Pure Rust SPSS .sav/.zsav reader and writer — Arrow-native, zero C dependencies.

Features

  • Blazing fast read and write for SPSS .sav (bytecode) and .zsav (zlib) files
  • Rich metadata: variable labels, value labels, missing values, MR sets, measure levels, and more
  • Lazy reader via scan_sav() — Polars LazyFrame with projection and row limit pushdown
  • Pure Rust with a native Python API — native Arrow integration, no C dependencies
  • Benchmarked up to 3–10x faster reads and 4–20x faster writes compared to current popular SPSS I/O libraries

Installation

Python:

uv add ambers

Rust:

cargo add ambers

Python

import ambers as am
import polars as pl

# Eager read — returns SavFile with .data and .meta
sav = am.read_sav("survey.sav")
sav.data                                                            # polars.DataFrame
sav.meta                                                            # SpssMetadata

# Lazy read — .data is a Polars LazyFrame
sav = am.scan_sav("survey.sav")
df = sav.data.select(["Q1", "Q2", "age"]).head(1000).collect()

# Explore metadata
sav.meta.summary()
sav.meta.describe("Q1")
sav.meta.value("Q1")

# Read metadata only (fast, skips data)
meta = am.read_sav_meta("survey.sav")

# Write back — roundtrip with full metadata
sav = am.read_sav("input.sav")
df, meta = sav.data, sav.meta
df = df.filter(pl.col("age") > 18)
am.write_sav(df, "filtered.sav", meta=meta)                        # bytecode (default for .sav)
am.write_sav(df, "compressed.zsav", meta=meta)                     # zlib (default for .zsav)
am.write_sav(df, "raw.sav", meta=meta, compression="uncompressed") # no compression
am.write_sav(df, "fast.zsav", meta=meta, compression_level=1)      # fast zlib

# From scratch — metadata is optional, inferred from DataFrame schema
am.write_sav(df, "new.sav")

.sav uses bytecode compression by default, .zsav uses zlib. Pass compression= to override ("uncompressed", "bytecode", "zlib"). Pass meta= to preserve all metadata from a prior read_sav(), or omit it to infer formats from the DataFrame.

Rust

use ambers::{read_sav, read_sav_metadata};

// Read data + metadata
let (batch, meta) = read_sav("survey.sav")?;
println!("{} rows, {} cols", batch.num_rows(), meta.number_columns);

// Read metadata only
let meta = read_sav_metadata("survey.sav")?;
println!("{}", meta.label("Q1").unwrap_or("(no label)"));

Metadata API (Python)

Method Description
meta.summary() Formatted overview: file info, type distribution, annotations
meta.describe("Q1") Deep-dive into a single variable (or list of variables)
meta.diff(other) Compare two metadata objects, returns MetaDiff
meta.label("Q1") Variable label
meta.value("Q1") Value labels dict
meta.format("Q1") SPSS format string (e.g. "F8.2", "A50")
meta.measure("Q1") Measurement level ("nominal", "ordinal", "scale")
meta.role("Q1") Variable role ("input", "target", "both", "none", "partition", "split")
meta.attribute("Q1", "CustomNote") Custom attribute values (list[str] or None)
meta.schema Full metadata as a nested Python dict

All variable-name methods raise KeyError for unknown variables.

Metadata Fields

All fields returned by the reader. Fields marked Write are preserved when passed via meta= to write_sav(). Read-only fields are set automatically (encoding, timestamps, row/column counts, etc.).

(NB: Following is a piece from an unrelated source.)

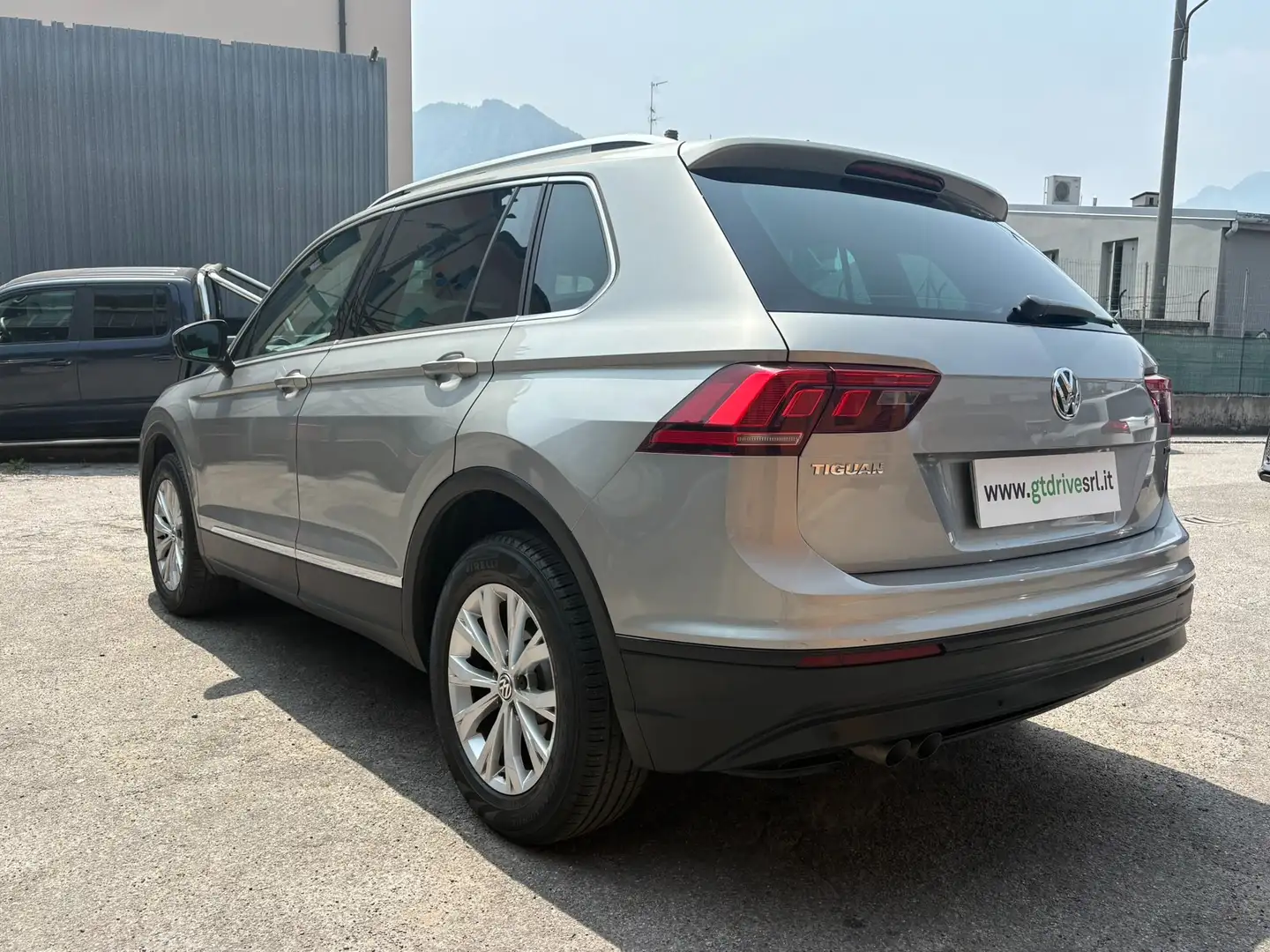 Volkswagen Tiguan Tiguan 2.0 tdi Advanced 4motion 150cv dsg BUSINNES Argent - 2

Note: This is a first pass — field names and behavior may change without warning in future releases.

Field Read Write Type
file_label yes yes str
file_format yes str
file_encoding yes str
creation_time yes str
compression yes str
number_columns yes int
number_rows yes int | None
weight_variable yes yes str | None
notes yes yes list[str]
variable_names yes list[str]
variable_labels yes yes dict[str, str]
variable_value_labels yes yes dict[str, dict[float|str, str]]
variable_formats yes yes dict[str, str]
variable_measures yes yes dict[str, str]
variable_alignments yes yes dict[str, str]
variable_storage_widths yes dict[str, int]
variable_display_widths yes yes dict[str, int]
variable_roles yes yes dict[str, str]
variable_missing_values yes yes dict[str, dict]
variable_attributes yes yes dict[str, dict[str, list[str]]]
mr_sets yes yes dict[str, dict]
arrow_data_types yes dict[str, str]

Creating metadata from scratch:

meta = am.SpssMetadata(
    file_label="Customer Survey 2026",
    variable_labels={"Q1": "Satisfaction", "Q2": "Loyalty"},
    variable_value_labels={"Q1": {1: "Low", 5: "High"}},
    variable_measures={"Q1": "ordinal", "Q2": "nominal"},
)
am.write_sav(df, "output.sav", meta=meta)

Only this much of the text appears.